Outside there were tables and chairs scattered about the spacious yard; and a little decorated side yard with more activities for the kids. My kids helped Gary wash the previously unloaded pumpkins up by the greenhouse. (Perhaps more help than he needed?) They had a chicken tractor with a stool the kids were able to climb upon, while Gary opened the roof for them to peek inside at a freshly laid egg. There were several wheel barrows for use in hauling the pumpkins during the "pick your own" season. Since that time was past, Gary encouraged the older kids to give the younger ones rides around the green. The several flower gardens were past their prime, but still held a faded glimpse of the glory they had held a few weeks earlier.


We had a lovely day and a big 'Thank You!" to Gary and Jonna for your warm welcome.

Today was pie making day. We actually made pie. I wanted to take advantage of Joe being gone to make a real live wheat crust pie. Sometimes I like to teach my kids how "normal" people bake. Unfortunately we were out of wheat flour, so we ended up doing the gluten free crust after all. Am I ever glad we were limited to that option. Flour everywhere! We made an apple and a pumpkin pie. One of the pumpkins we used was a white pumpkin Clara had bought by herself at the orchard for the expressed purpose of learning how to make a pumpkin pie. The other was also a white one, from our friend, Laura. Clara had baked them and scooped out the meat on Monday. She made the crusts today, so Elsie was in charge of the fillings. Sophie, Clara, and Elsie all helped with the peeling and cutting of the apples.


We had enough apples to freeze filling for another pie, and filled two four-cup containers of pumpkin to freeze. I was hoping to make a batch of green tomato mincemeat from the apples also, but gradually, since Friday, the bag of apples has dwindled. Funny how that works, isn't it?

We all helped with rolling out the crusts. This is always a learning process, since I haven't yet found a gluten free pie crust I like. Each combination of flours and oils and eggs has slightly different properties. Sometimes they fall apart, sometimes they stick, sometimes we give up on rolling entirely and end up pressing the crust into the dish with our fingertips.

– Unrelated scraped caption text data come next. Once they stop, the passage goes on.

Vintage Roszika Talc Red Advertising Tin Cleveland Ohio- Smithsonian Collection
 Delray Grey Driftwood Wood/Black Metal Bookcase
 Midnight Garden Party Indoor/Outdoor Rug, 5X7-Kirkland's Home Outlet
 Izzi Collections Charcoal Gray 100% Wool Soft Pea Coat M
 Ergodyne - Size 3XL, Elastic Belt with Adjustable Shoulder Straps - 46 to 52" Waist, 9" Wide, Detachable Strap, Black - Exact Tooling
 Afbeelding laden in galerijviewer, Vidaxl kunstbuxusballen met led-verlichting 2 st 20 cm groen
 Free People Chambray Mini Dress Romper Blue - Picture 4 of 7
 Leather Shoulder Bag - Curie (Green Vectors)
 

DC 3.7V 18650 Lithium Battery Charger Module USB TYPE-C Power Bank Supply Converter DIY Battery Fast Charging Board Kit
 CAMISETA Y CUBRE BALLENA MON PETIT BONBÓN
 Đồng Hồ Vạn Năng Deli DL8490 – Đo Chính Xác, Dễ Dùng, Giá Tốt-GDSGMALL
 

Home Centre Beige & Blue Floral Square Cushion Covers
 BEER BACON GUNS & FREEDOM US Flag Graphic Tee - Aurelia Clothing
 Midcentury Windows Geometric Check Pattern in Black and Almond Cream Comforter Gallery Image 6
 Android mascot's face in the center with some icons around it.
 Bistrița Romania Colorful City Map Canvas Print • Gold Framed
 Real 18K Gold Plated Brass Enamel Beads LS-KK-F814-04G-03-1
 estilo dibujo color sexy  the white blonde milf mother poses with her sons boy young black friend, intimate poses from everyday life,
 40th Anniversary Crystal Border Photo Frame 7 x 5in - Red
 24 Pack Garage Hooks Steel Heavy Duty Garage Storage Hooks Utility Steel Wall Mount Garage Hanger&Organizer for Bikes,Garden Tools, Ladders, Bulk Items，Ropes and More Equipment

I think this will be a good recipe. I forgot to cover the edges half way through, so they got a little darker than I'd prefer. I think next time I'll cut the amount of fat by at least a third. It was very sticky and I didn't even add any of the water the original recipe called for. I noticed some of the recipes call for cold fats. Perhaps that would make it less sticky.

I used a recipe from Gluten Intolerance Group. I adapted it a bit. You can check out the link to see the original recipe. I tripled the recipe and had enough for three crusts and three for the freezer. There was even extra to cut off the edges to bake as pie crust cookies. Follows is what we did.
Ingredients
1 cup white sorghum flour
3/4 cup potato starch
1/2 cup tapioca starch
1 Tbsp sugar
1/2 tsp salt
1/4 tsp xanthan gum
1/2 cup fat (I used a combo of lard and coconut oil)
4 ounce cream cheese
2 eggs
1 tsp vanilla (oops, I just noticed we missed this.)
  1. Combine dry ingredients. Cut in shortening and cream cheese with pastry cutter until the size of peas.
  2. Add eggs, vanilla, and water. Stir into flour mixture until smooth.
  3. Form 2 or 3 balls. We rolled them out on heavily floured foil. We tried at first without the flour and they stuck like nuts. The parts that didn't stick just broke apart. But with the heavy flouring, they rolled out nicely, and dropped nicely onto the pie plates. They still were a bit crumbly at the edges, but with a little coaxing, we got the pies to look pretty nice.
  4. Makes two 9-inch deep dish pie crusts or three 8-inch pie crusts. Bake as you would for the fillings you choose.
In order to tie up our How to Make an Apple Pie... study, we still plan to make salt and sugar crystals, and incorporate some kind of art. All in all a "fruitful" unit.

1 comment:

madhenmom said...

What a lovely time you all must have had at the orchard. I'm glad you were able to get your pie making in. That reminds me, I have a few pie pumpkins I need to cook up.